Busy restaurant Photo: From Reader's Digest

For as long as people have needed to spend time away from home, there have been institutions that would provide food in exchange for money. Wayside taverns have been a feature of every civilisation from the Romans to the Victorians. But in every age and every country, such inns did little more than satisfy hunger. For hundreds of years eating in public was not dining, it was merely feeding.

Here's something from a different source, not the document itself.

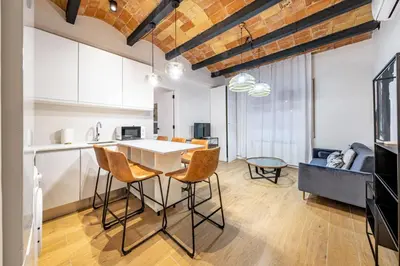 a kitchen and living room with a table and chairs at BeBarceloner Eixample Apartments in Barcelona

The coffee houses that flourished in Europe from the mid-17th century were principally meeting houses – forums for the intellectuals of the day. In England they earned the nickname ‘penny universities’ after the stimulating conversation and the coffee – which cost a penny a cup. Such establishments rarely offered any more than light snacks. Hungry patrons had to return home, or find a tavern that had the good sense to employ a cook. Coffee houses remained popular, evolving into cafés across Europe while in England they became gentlemen’s clubs.
 


The restaurant revolution

The idea that cooking is an art, and that enjoying food is an aesthetic experience worth paying for, arose in France in the middle of the 18th century. The philosophical groundwork came from the French thinker Jean Brillat-Savarin, whose most famous aphorism is, ‘Tell me what you eat and I will tell you what you are.’

He noted the appearance in Paris of ‘restaurants’ – a word first recorded in its modern sense in 1765 – and defined them later as places where people could eat whenever they wanted, choosing from a list of dishes and knowing in advance how much they were going to pay.